Schneider paie cher pour étancher sa soif d’acquisition
Alors que le président du directoire de Schneider Electric, Jean-Pascal Tricoire, avait répété mi-mai ne pas envisager d’acquisition majeure dans un avenir prévisible, sur fond de rumeurs récurrentes d’offre sur l’américain Tyco, le groupe français d’équipement électrique a fait la preuve par deux fois cette semaine de l’application rigoureuse de sa stratégie de croissance externe par le biais d’opérations de petite ou moyenne envergure.

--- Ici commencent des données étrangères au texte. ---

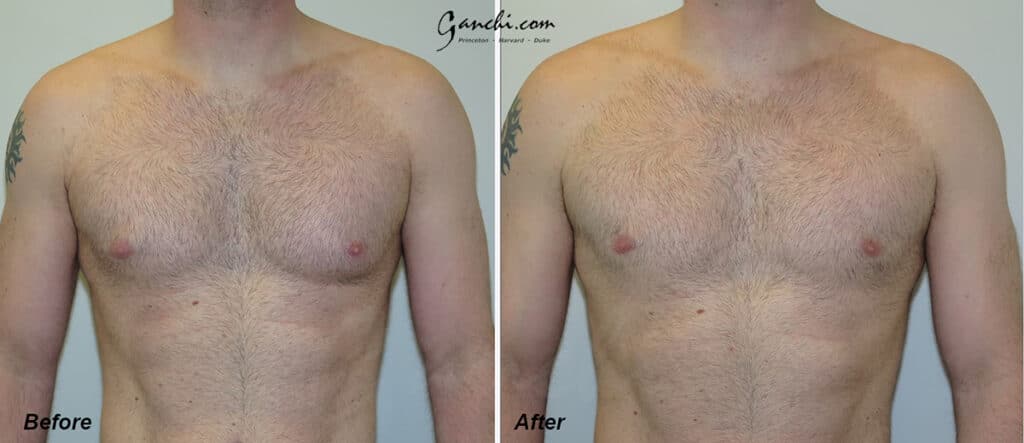 Gynecomastia Before and After Photo by Ganchi Plastic Surgery in Northern New Jersey
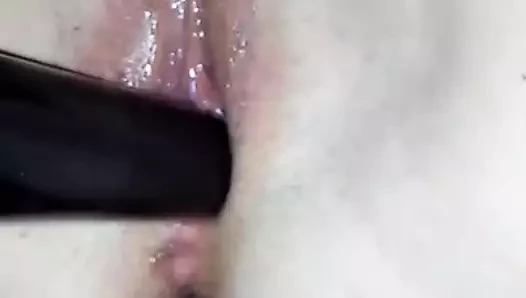 anal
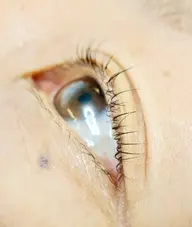 似合わまつ毛カール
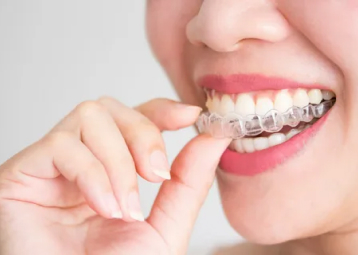 Person removing a clear aligner from their teeth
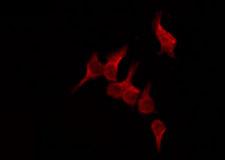 OR51D1 Antibody - Staining HeLa cells by IF/ICC. The samples were fixed with PFA and permeabilized in 0.1% Triton X-100, then blocked in 10% serum for 45 min at 25°C. The primary antibody was diluted at 1:200 and incubated with the sample for 1 hour at 37°C. An Alexa Fluor 594 conjugated goat anti-rabbit IgG (H+L) Ab, diluted at 1/600, was used as the secondary antibody.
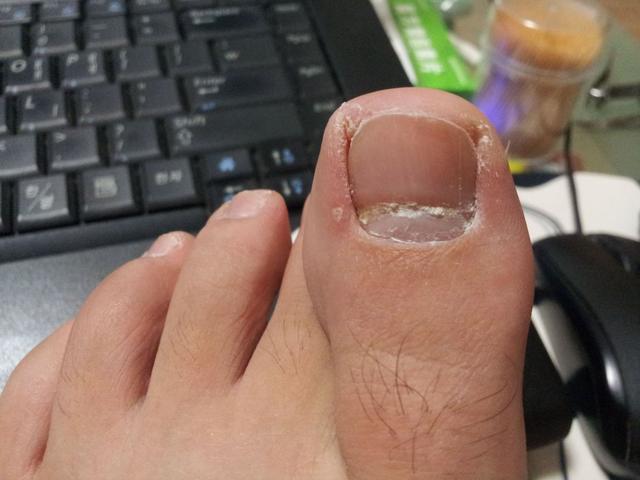 脚趾甲总往肉里"钻"是咋回事?如何改善这种症状?早知道早受益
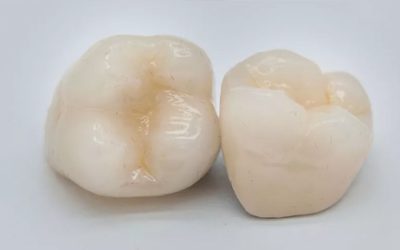 Zirconia vs. Nature: Can a Crown Be Stronger than Enamel?
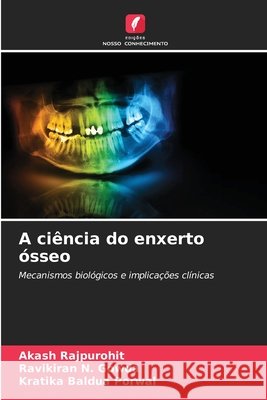 A ciência do enxerto ósseo Rajpurohit, Akash, N. Gowda, Ravikiran, Baldua Porwal, Kratika 9786208734428 Edições Nosso Conhecimento - książka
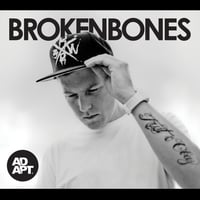 Broken Bones EP - SIGNED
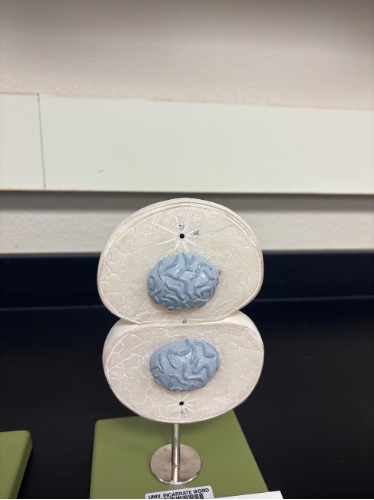 <p>What stage of mitosis is this? </p>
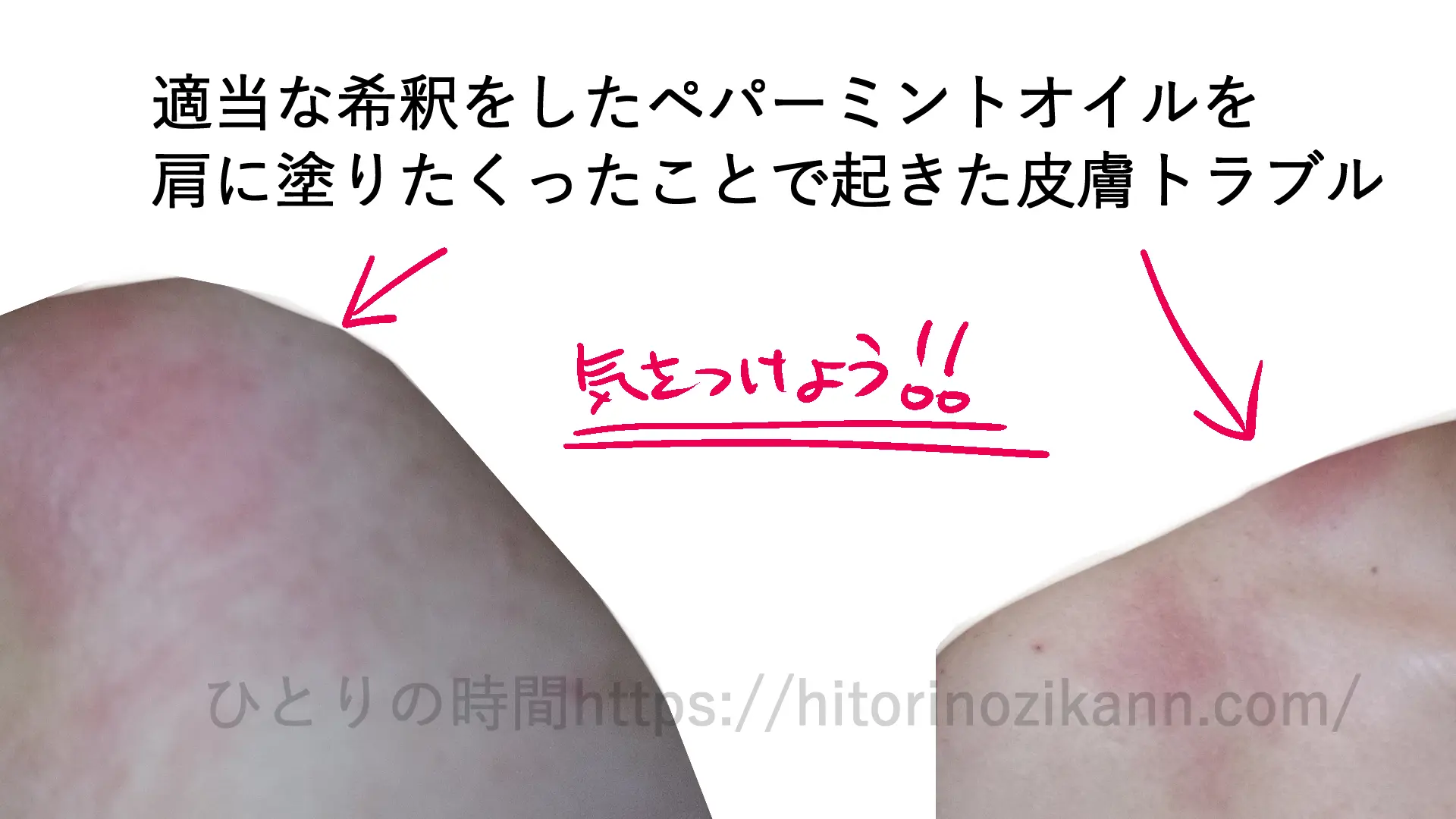 スイートアーモンドオイルとペパーミント精油でアロマイルを適当な希釈をして作ったことで、炎症が起きた話。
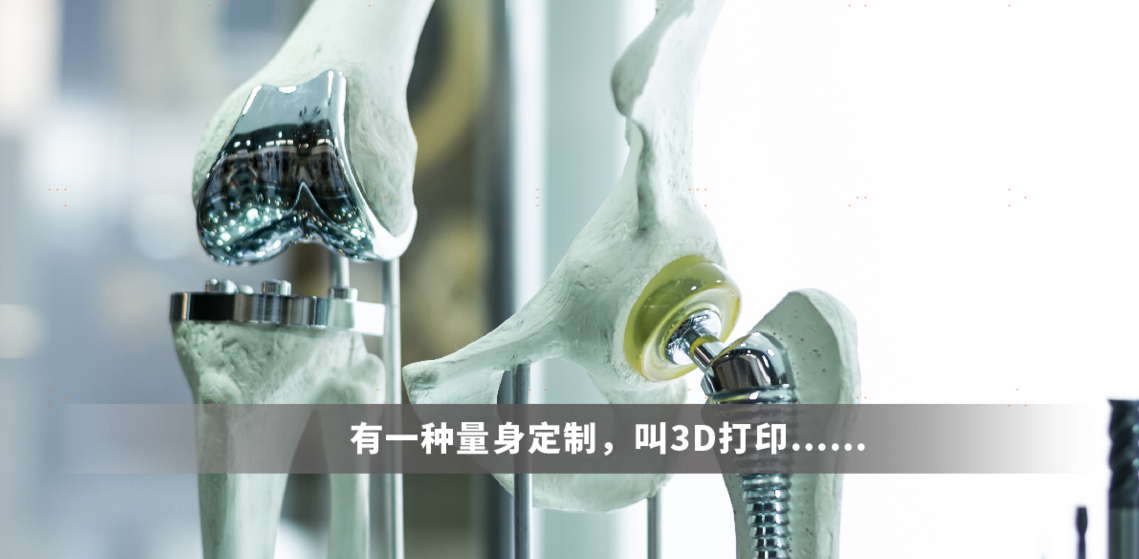 有一种量身定制，叫3D打印……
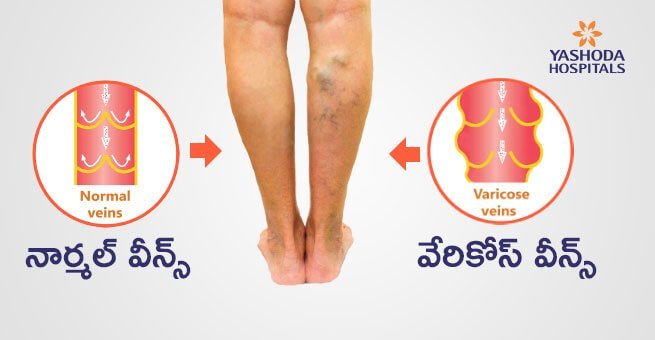 varicose veins in telugu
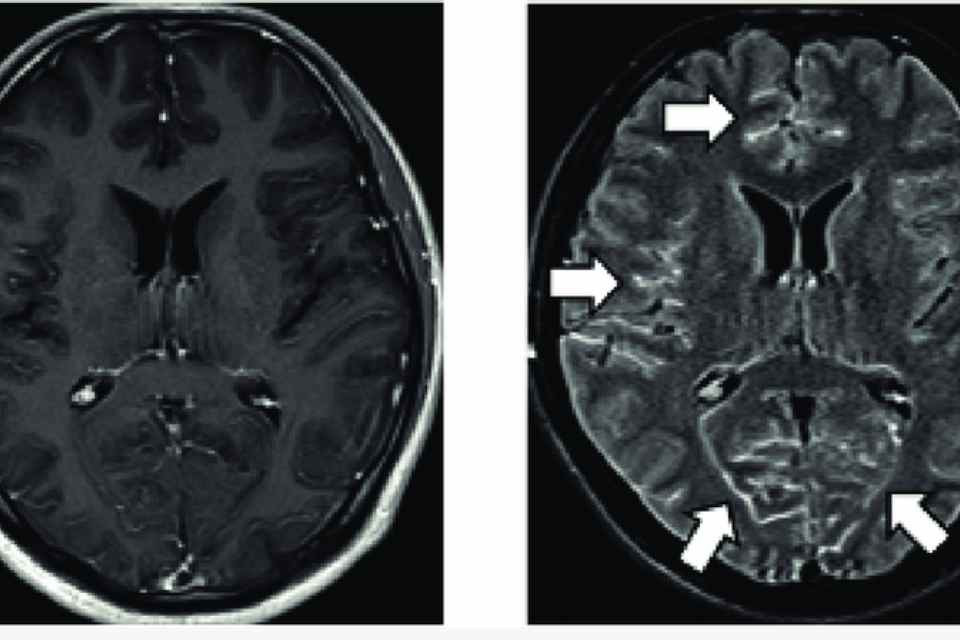 MENINGITIS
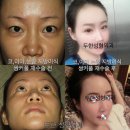 (주)두한 - 천안시 동남구 | 관자놀이, 애교살, 눈밑, 팔자주름, 턱지방이식, 뒤트임, 코재수술 두한성형외과 진솔리얼후기
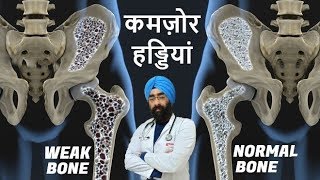 WEAK BONES  Reason to Remedy  OSTEOPOROSIS  DrEducation Hindi  Eng Subs [upl. by Jilly640]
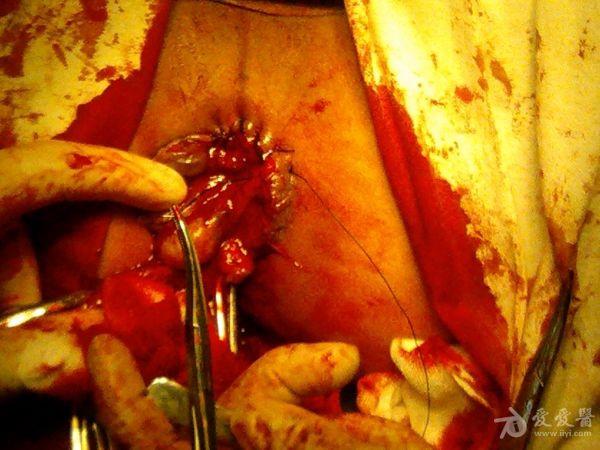 血栓性外痔剥离术图片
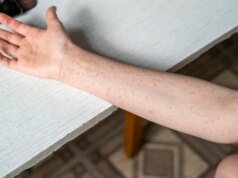 Maior surto de sarampo da história recente relatado no campus universitário do sudoeste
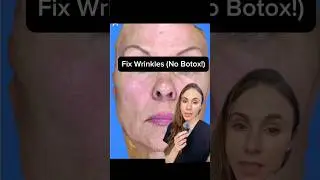 Not All Wrinkles Need Botox #dermatologistadvice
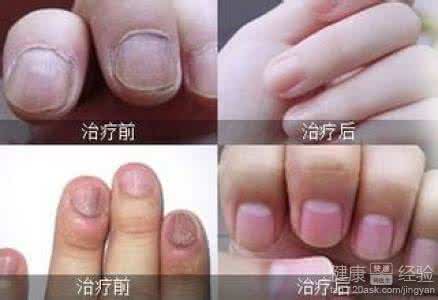 灰指甲怎么治疗方法 自己怎么治疗灰指甲 自己治疗灰指甲的方法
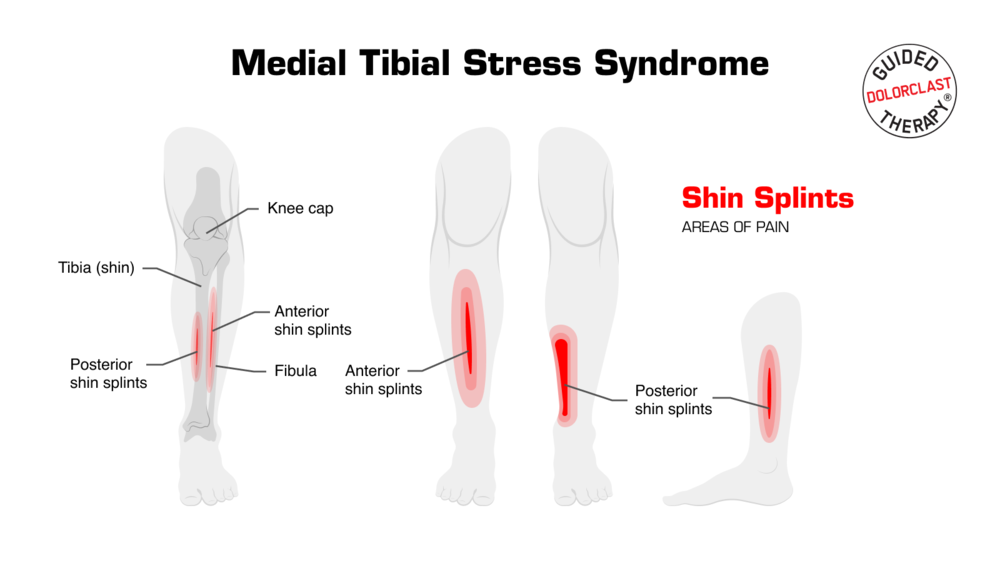 medial tibial stress syndrome illustration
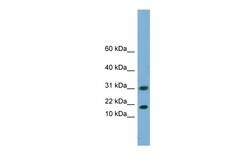 Aviva Systems Biology Corp EIF5A2 Antibody - N-terminal region (ARP57402_P050)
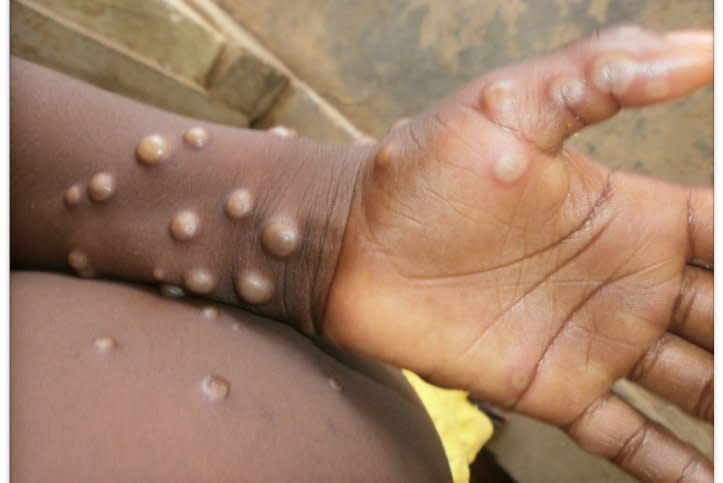 The number of reported mpox cases in the United States is nearly double what it was last year at this time, the Centers for Disease Control and Prevention said Thursday. Photo courtesy of the World Health Organization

Après avoir annoncé lundi prendre le contrôle de l’indien Luminous, Schneider a fait part d’une offre amicale en numéraire d’une plus grande ampleur visant l’espagnol Telvent, spécialiste des «villes intelligentes» au travers des systèmes de gestion des infrastructures énergétiques, de l’eau et des transports. A raison de 40 dollars par action de cette cible cotée sur le Nasdaq, l’offre attendue mi-juin représente une valeur d’entreprise de 1,4 milliard d’euros. Et une prime de 16% par rapport au cours de clôture de mardi. Le principal actionnaire de Telvent, le groupe espagnol Abengoa, s’est engagé à apporter sa part de 40%, tout comme certains membres des directions des deux groupes représentant 1,5% du capital.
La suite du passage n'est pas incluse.